Millie leaned in, close enough for Junior to pick up on her warmth.
"What does that mean to you?"
"I don't know." Junior hesitated. "He's blurry. I can't see details. Just his shape. Like a visual presence. And movement. Still not quite used to it."
"Unsurprising," Millie said sympathetically. "Take your time. Sorry if I'm rushing you. I'm just . . . eager."
Junior nodded. "It's okay. I feel like I need to talk about this. It's not like the System is any use. My screen hasn't changed. Still says 'Apeirosis: 2.37%.' No further messages. No directions. Nothing."
Millie frowned in thought, arms crossing.
"And I still don't know what it wants from me," Junior added. "What am I supposed to do?"
The last word came out frustrated, plaintive. Junior turned his head away as Achilles whined inquisitively.
Millie wanted to say it would be okay. But it would be a lie. She had no better idea than he did.
Silence spread between them again.
"Look," Millie said gently, "I don't care what percentage some blue box assigns you. You don't need a guidebook or a map or permission. You're not a risk to me, Junior. You never will be."
He turned his face slightly toward her voice. "Even if I change?"
"Even then."
She extended her hand, touching his. Junior grasped back, their fingers intertwined. The squeeze they shared was quiet and firm.
A promise.
"Thank you," he said. "For . . . thanks."
Her thumb brushed once over the back of his knuckles.
"You don't have to thank me. But you're welcome."
Millie lingered near him for a while longer before slowly drawing her hand back. Her fingers brushed the login card still resting beside the laptop.

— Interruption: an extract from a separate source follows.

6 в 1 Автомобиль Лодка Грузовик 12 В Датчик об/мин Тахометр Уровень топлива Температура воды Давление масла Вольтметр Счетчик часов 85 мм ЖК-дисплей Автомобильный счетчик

"I guess we should give it a chance," she said, more to herself than to him.
She flipped open the laptop and typed in the address. The site that loaded was as barebones as promised - text-only interface, monochrome grey. At the top, a simple login field blinked patiently.
After entering the randomized credentials, she was met with a dashboard that looked more like a relic from the earliest bulletin boards than anything modern. A dozen usernames - random strings of nonsense characters - lined a feed filled with short, cryptic posts.
Most were single sentences. A few contained broken links to external resources, blocked by the site with no option to bypass.
[voidharrow84: Can anyone else hear . . . something in the wind?]
[delta.eel: Apeirosis 5.22% – Is this normal?]
Millie's eyes flicked to that last one. Her pulse picked up.
When she read it aloud, Junior murmured,
"That's ... double mine? Is that good or bad?"
Millie tapped her fingers against her thigh, thinking. She still suspected a trap - some kind of test or data collection scheme. But ... what if it wasn't? What if this was real?
What if this was exactly what Junior needed?
She didn't like it. She still didn't trust it. But it wasn't her call.
As much as she might wish otherwise, this was Junior's life. He was the one who had the strange visions, the system error messages, the nightmares.
Okay - so the monster hadn't been all bad. Fighting it with Achilles had actually been kind of exhilarating, if she was honest. And if she was being really honest, even the idea of dream-fighting sounded more like awesome than scary.
But still. The fact remained.
She turned to him and offered, "Want me to ask?"
Junior hesitated for a moment longer.
Then he breathed out, slowly, and nodded, firm and steady.